**Task instructions:** Reproduce the entries exactly and omit the pictures.

**Available records:**
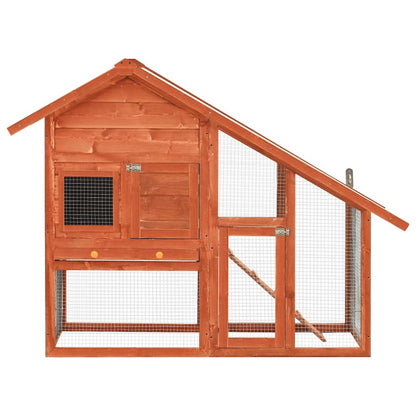 Rabbit Hutch Brown Solid Firwood, Plywood, Steel Wire, Polyester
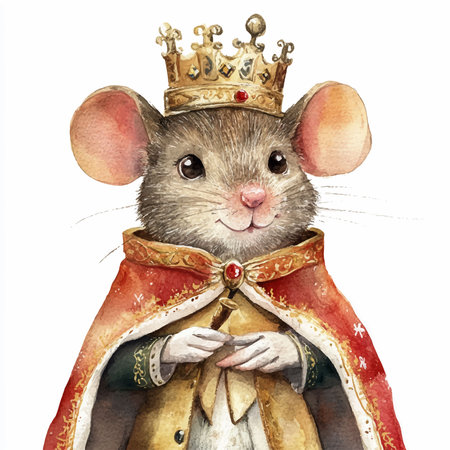 Watercolor illustration of a cute little mouse in a crown on a white backgroundのイラスト素材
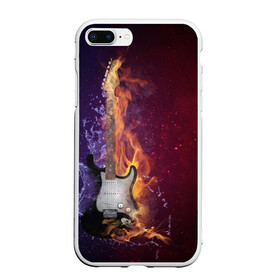Чехол для iPhone 7Plus/8 Plus матовый с принтом Гитара - Огонь и вода , Силикон | Область печати: задняя сторона чехла, без боковых панелей | guitar | music | rock | гитара | музыка | рок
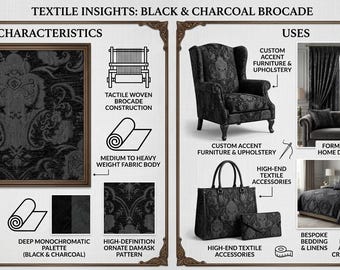 Black Chenille,  Brocade Upholstery Fabric, Baroque Damask Jacquard, 58" Wide (By the Yard)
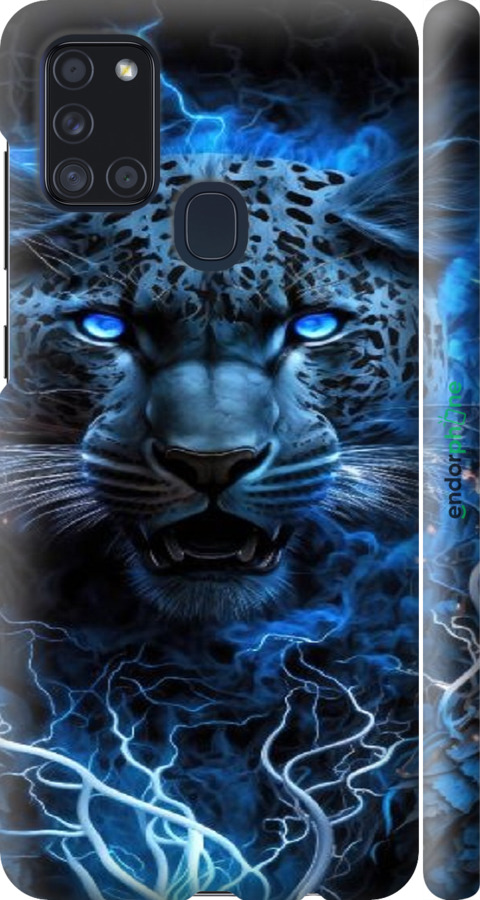 3D пластиковый матовый чехол Ледяной леопард для Samsung Galaxy A21s A217F - 6460m-1943 изображение 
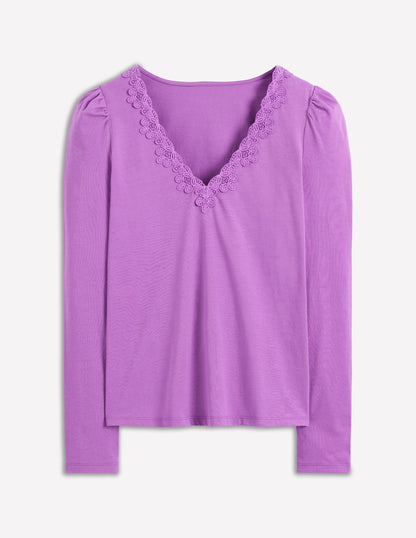 Flora Oberteil mit Spitze und V-Ausschnitt-Amethyst-Lila-5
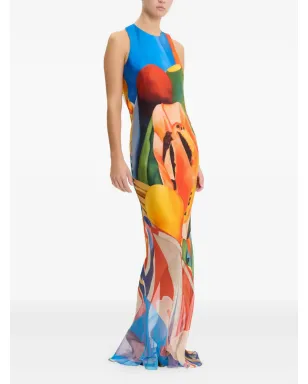 Donde Esteban ブルー サルピコン ロング シルク ドレス - サムネイル2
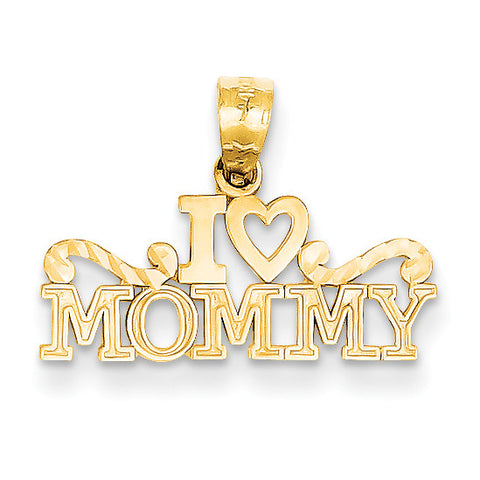 14k Yellow Gold I Heart Mommy Pendant YC1080 - shirin-diamonds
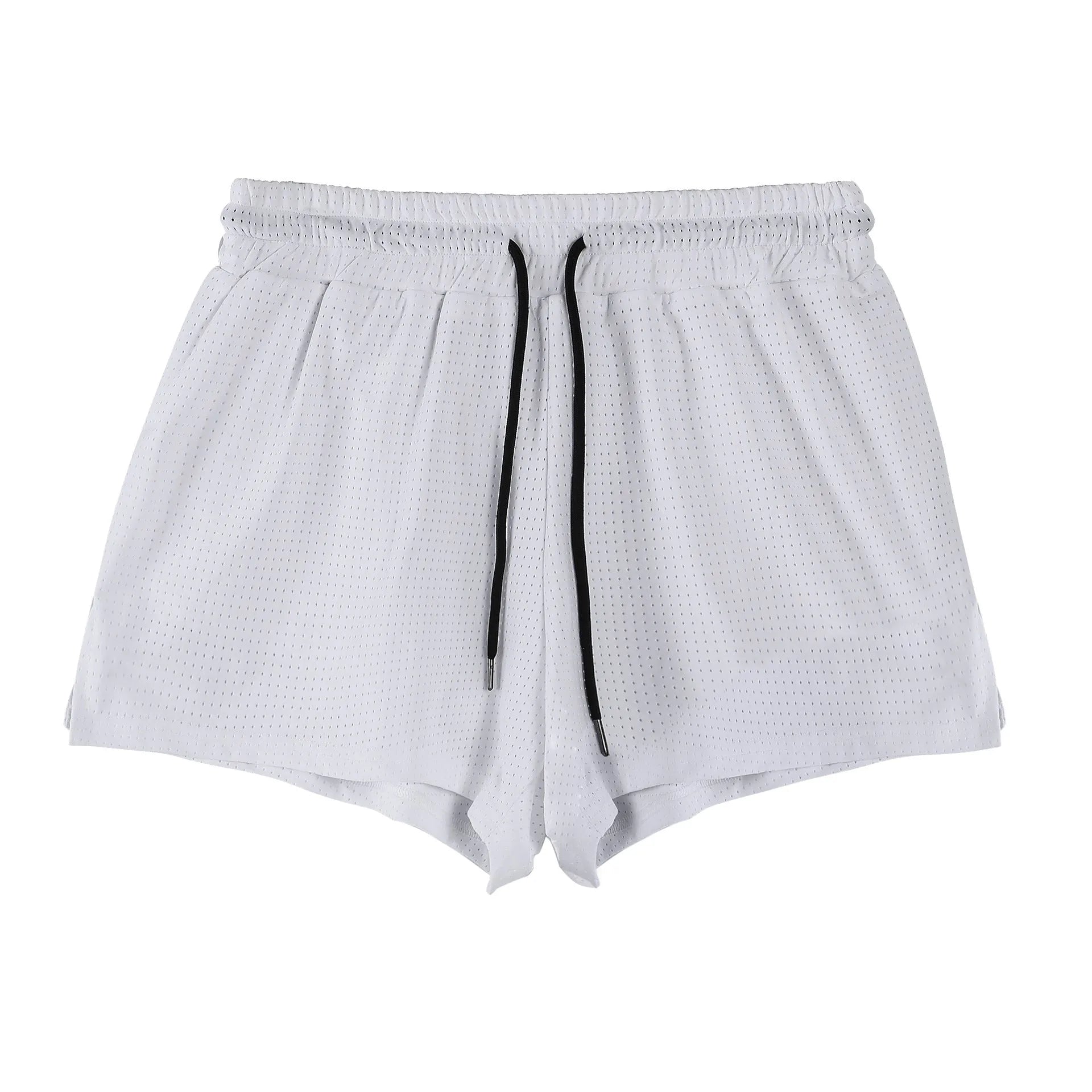 Men's black quick-drying nylon summer shorts on a mid-waist fit model.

**Reply to the task:**
 Rabbit Hutch Brown Solid Firwood, Plywood, Steel Wire, Polyester
 Watercolor illustration of a cute little mouse in a crown on a white backgroundのイラスト素材
Чехол для iPhone 7Plus/8 Plus матовый с принтом Гитара - Огонь и вода , Силикон | Область печати: задняя сторона чехла, без боковых панелей | guitar | music | rock | гитара | музыка | рок
 Black Chenille,  Brocade Upholstery Fabric, Baroque Damask Jacquard, 58" Wide (By the Yard)
 3D пластиковый матовый чехол Ледяной леопард для Samsung Galaxy A21s A217F - 6460m-1943 изображение 
 Flora Oberteil mit Spitze und V-Ausschnitt-Amethyst-Lila-5
 Donde Esteban ブルー サルピコン ロング シルク ドレス - サムネイル2
 14k Yellow Gold I Heart Mommy Pendant YC1080 - shirin-diamonds
 Men's black quick-drying nylon summer shorts on a mid-waist fit model.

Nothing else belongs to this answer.